For Region 2, click Use Mask Color — foreground becomes green — paint the Region 2 area green.
Repeat for all active regions.
Leave unpainted areas transparent — they receive the global prompt’s influence.

Per-Region Controls

Control	What It Does	Recommended Range
Reference Image	The reference image for this region	—
Positive Prompt	Describes what should appear in this region	—
Negative Prompt	Describes what to avoid in this region	—
Image Weight	How strongly the reference guides this region	`0.5–0.9`, default `0.7`
Prompt Weight	How strongly this region’s prompt contributes	`0.8–1.2`, default `1.0`
Weight Type	Blending curve for this region’s influence	`linear` default
Start At	Which step this region becomes active	`0.0` default
End At	Which step this region stops being active	`1.0` default
Use Mask Color	Sets Aseprite foreground to this region’s mask color	—

KSampler Settings

The KSampler is the engine that runs the diffusion process. These settings behave the same way across all generation tabs.

Seed

A number that initializes the noise pattern. The same seed + same settings = the same image every time.

Mode	Behavior
fixed	Same seed reused every generation (reproducible)
increment	Seed goes up by 1 each time
decrement	Seed goes down by 1 each time
randomize	New random seed each time

Use randomize while exploring. Switch to fixed once you find a result worth refining. The seed button manually advances the seed without triggering a generation.

Steps

How many refinement passes the model takes.

Range	Effect
10–15	Fast, rougher results
20–30	Recommended default. Good balance of quality and speed.
40–50	Slower, marginal quality improvement.

Start at 20.

CFG (Classifier-Free Guidance Scale)

Controls how strictly the model follows your prompt versus improvising freely. Think of it as a dial between “the model does what it wants” and “the model does exactly what you say.”

Value	Effect
1–3	Very loose — model largely ignores the prompt. Creative but unpredictable.
5–7	Recommended range. Balanced, natural-looking results.
7–9	More prompt-faithful, but can over-saturate colors or over-sharpen details.
10+	Very rigid — often produces burnt, over-contrasted, or plastic-looking images.

Start at 7.0. When IPAdapter weight is high, slightly lower CFG (6–7) can prevent the two influences from fighting each other.

Sampler

The mathematical algorithm used to run the diffusion steps. Think of each sampler as a different strategy for navigating from noise to a finished image — they all reach the destination but take different paths and produce subtly different results.

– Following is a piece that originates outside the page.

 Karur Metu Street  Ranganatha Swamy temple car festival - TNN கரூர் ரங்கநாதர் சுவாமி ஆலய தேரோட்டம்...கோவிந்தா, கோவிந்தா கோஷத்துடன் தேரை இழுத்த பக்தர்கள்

Recommended default: euler_ancestral

Sampler	Character
euler_ancestral	Fast, slightly painterly, good general purpose. Best starting point.
euler	Clean and deterministic. Less variation between generations at the same seed.
dpmpp_2m	Efficient — often good quality at 20 steps.
dpmpp_sde	Stochastic. Can produce very detailed, slightly different results each run even with a fixed seed.

Scheduler

Recommended default: normal

Scheduler	Character
normal	Safe general-purpose default.
karras	Often improves detail. Pairs well with dpmpp samplers.
sgm_uniform	Good for SDXL models.

Denoise %

Mode	Default	Notes
Text2Img + Reference	`1.00`	Generating from scratch — do not change.
Img2Img + Reference	`0.50`	Balances preserving your input image vs transforming it. Lower = more preserved, higher = more transformed.

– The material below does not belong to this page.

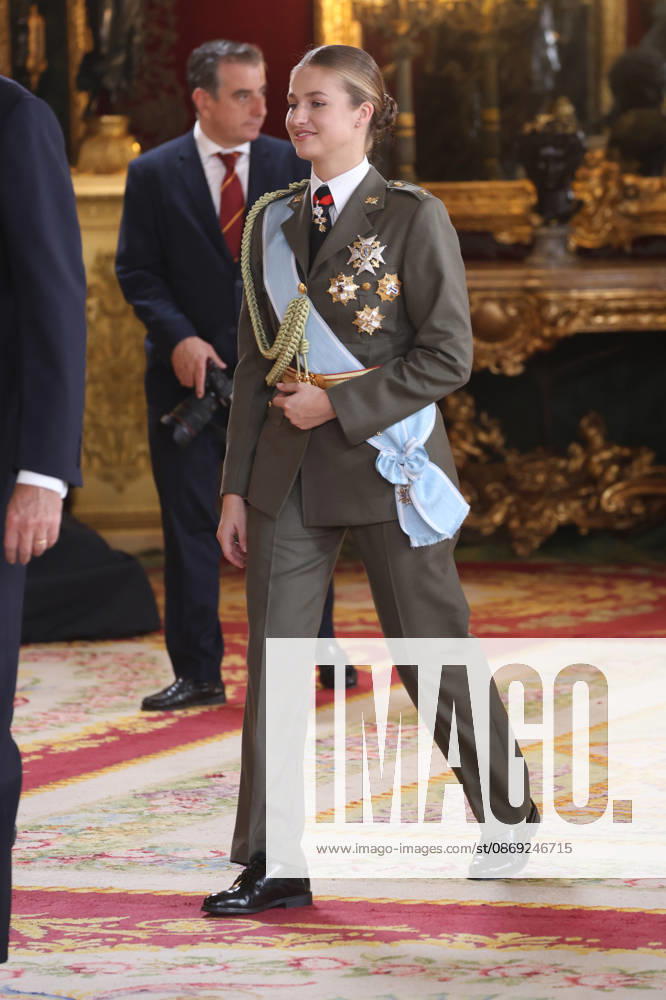 The King and Queen, the Princess of Asturias, and Infanta Sofía preside over the reception at the Royal Palace to mark National Day. Princess Leonor during the reception held to mark National Day at the Royal Palace on October 12, 2026, in Madrid, Spain. The event is presided over by the King and Queen, the Princess of Asturias, and Infanta Sofía, following the solemn ceremony honoring the national flag and the military parade held in Plaza de Cánovas del Castillo. The purpose of the National Day commemoration is to solemnly recall moments in our collective history that form part of our shared historical, cultural, and social heritage, recognized as such by the vast majority of citizens. HISPANIC DAY KING FELIPE QUEEN LETIZIA PRINCESS LEON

For Img2Img mode, use 0.4–0.6 to preserve structure while transferring style. Use 0.7–0.9 if you want heavy transformation.

Requirements

IPAdapter and CLIP Vision ComfyUI nodes must be installed. If missing, the tab shows an error message with installation guidance.
Regional mode additionally requires ComfyUI Essentials nodes (ConditioningCombineMultiple+ and related nodes).
At least one reference image must be selected per active region in Regional mode.

Workflow Tools (Top Bar)

Tool	What It Does
Save Workflow	Saves current settings to a named file. IPAdapter settings and reference image paths are included.
Load Workflow	Restores settings from a saved or history workflow.
Generate	Runs the generation. Seed updates per the Seed Generation mode.

Tip: Save workflows when you find a combination you like. You can build a library of different styles and reload them instantly.